Equally strategic was the decision to build a fully owned Indian subsidiary rather than operate through a contract partner or EOR model. “We realised we couldn’t run India remotely,” by establishing a local board, hiring a country CEO and embedding legal, HR and field operations teams in Noida, Infravision moved from vendor status to trusted partner within India’s tight-knit transmission ecosystem. This structure enabled faster contracting, real-time customer interface, and compliance with complex import and labour regimes.

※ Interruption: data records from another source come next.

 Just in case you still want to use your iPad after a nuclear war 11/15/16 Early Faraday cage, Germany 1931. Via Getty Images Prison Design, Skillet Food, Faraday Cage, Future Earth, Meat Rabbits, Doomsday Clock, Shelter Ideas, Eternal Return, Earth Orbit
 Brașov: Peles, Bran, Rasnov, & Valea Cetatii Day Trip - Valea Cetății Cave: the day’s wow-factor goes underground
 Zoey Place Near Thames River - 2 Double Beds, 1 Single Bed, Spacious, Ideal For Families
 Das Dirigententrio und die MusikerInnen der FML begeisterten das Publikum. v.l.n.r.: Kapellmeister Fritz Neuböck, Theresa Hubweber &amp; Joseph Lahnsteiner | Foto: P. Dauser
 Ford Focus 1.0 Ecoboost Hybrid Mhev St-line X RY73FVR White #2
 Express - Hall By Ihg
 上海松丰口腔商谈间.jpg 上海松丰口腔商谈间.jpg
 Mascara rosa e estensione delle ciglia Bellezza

Localisation extended to workforce development. India’s shortage of skilled stringing technicians was solved through targeted training of technicians and field supervisors, creating jobs for young engineers in a high-tech segment of infrastructure. The team grew from a one-person beachhead in 2023 to 40 on-roll staff and hundreds of off-roll workers by 2025, with plans to double within a year. Every project acted as a live learning loop, refining deployment protocols and building the credibility needed to enter new states and work with other developers such as Power Grid and Adani.

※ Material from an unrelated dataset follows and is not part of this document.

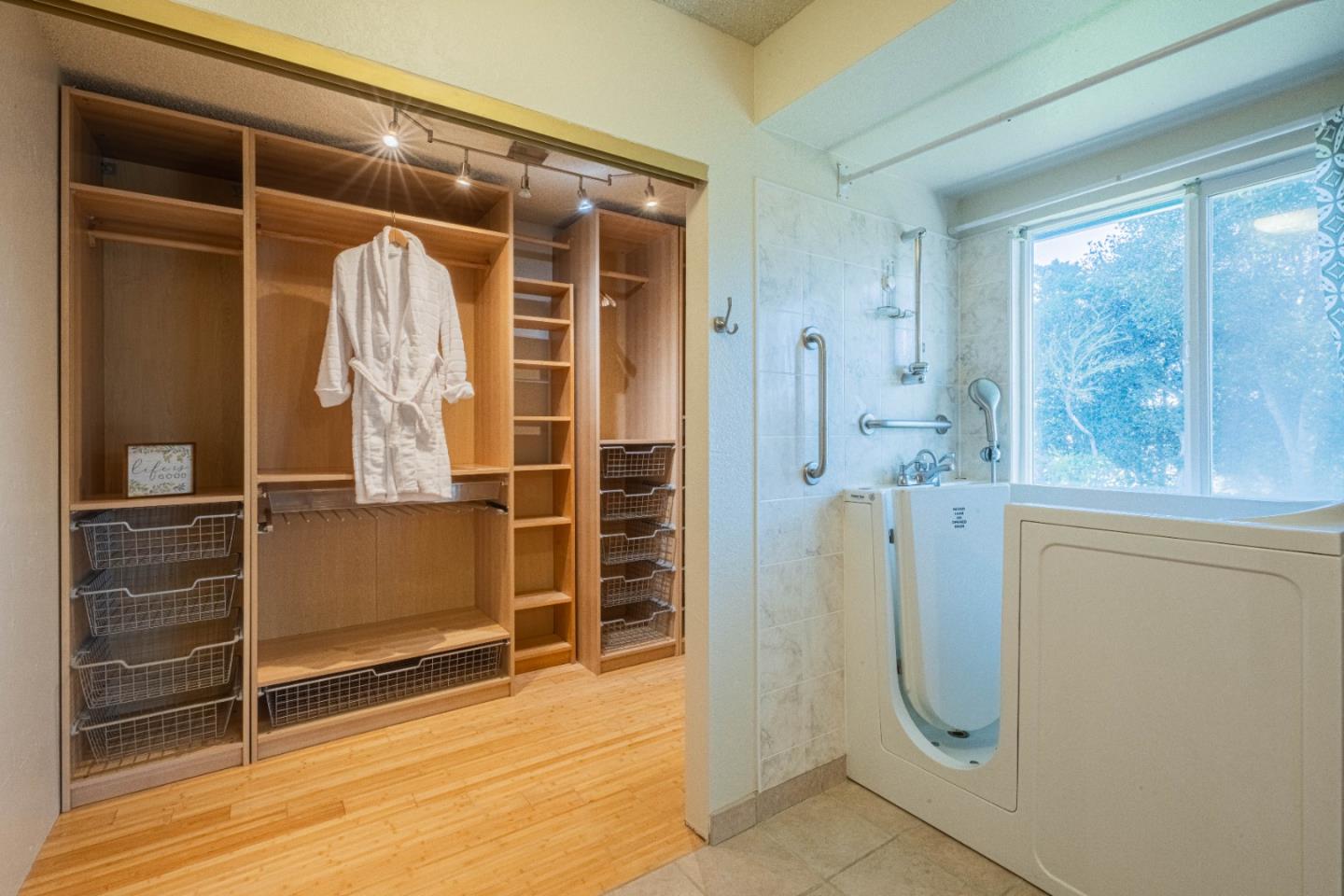 Detail Gallery Image 27 of 41 For 9919 Mimosa Path, Salinas,  CA 93907 - 3 Beds | 2 Baths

"We had to re-invent our product for India. You can’t tow a trailer through Delhi; you mount it on a tractor.

Impact & Results
The impact of Infravision’s deployment in India is both tangible and systemic. The most visible benefit is time compression on the critical path. For a typical 12-month project, automated construction techniques can save up to three months, equivalent to tens of millions of dollars in interest-during-construction (IDC) cost for developers. Earlier commissioning also means renewable projects generate revenue sooner, improving cash flows and grid availability.
Beyond speed, the technology transforms safety and sustainability. By operating above fields without cutting new access corridors, Infravision minimises land disturbance and local opposition by reducing Right of Way complexities. Its Indian projects have demonstrated faster restart after storms and lower accident frequency, boosting both ESG and community acceptance.
The firm’s local manufacturing footprint and training pipeline have created high-value jobs in Noida and regional sites, spurring ancillary industries in component supply and maintenance. From an ecosystem view, Infravision has become a critical enabler of India’s transmission capacity addition targets, helping reduce the ~50 GW of renewables currently awaiting evacuation.
"Every month you take off a project is not just financial savings, it’s more renewable power delivered to the grid.

Lessons & Insights
Localisation Beyond Logistics
Adapting hardware to fit India’s mobility and manufacturing realities from tractor-mounted trailers to locally sourced line hardware, proved as critical as winning contracts.
Core Takeaway
Engineering local fit builds credibility faster than importing a foreign playbook.
Presence Drives Performance
Operating through an on-ground entity with Indian leadership turned Infravision from a supplier into a strategic partner.
Core Takeaway
In India, relationships outperform remote control; trust cannot be outsourced.
Patience and Partners Are Prerequisites
Navigating business compliance and early start up complexities demands local advisers and resilience. The need to “let India be India,” accepting different pace and process.
Core Takeaway
Endurance and empathy are strategic assets in market entry.
Time Saved Is Trust Earned
Shorter project cycles build developer confidence and policy trust in new methods.
Core Takeaway
In infrastructure, proof of execution is the strongest form of advocacy.
All information has been verified from primary company submissions, official filings, interview transcripts, and secondary materials cited in the References section.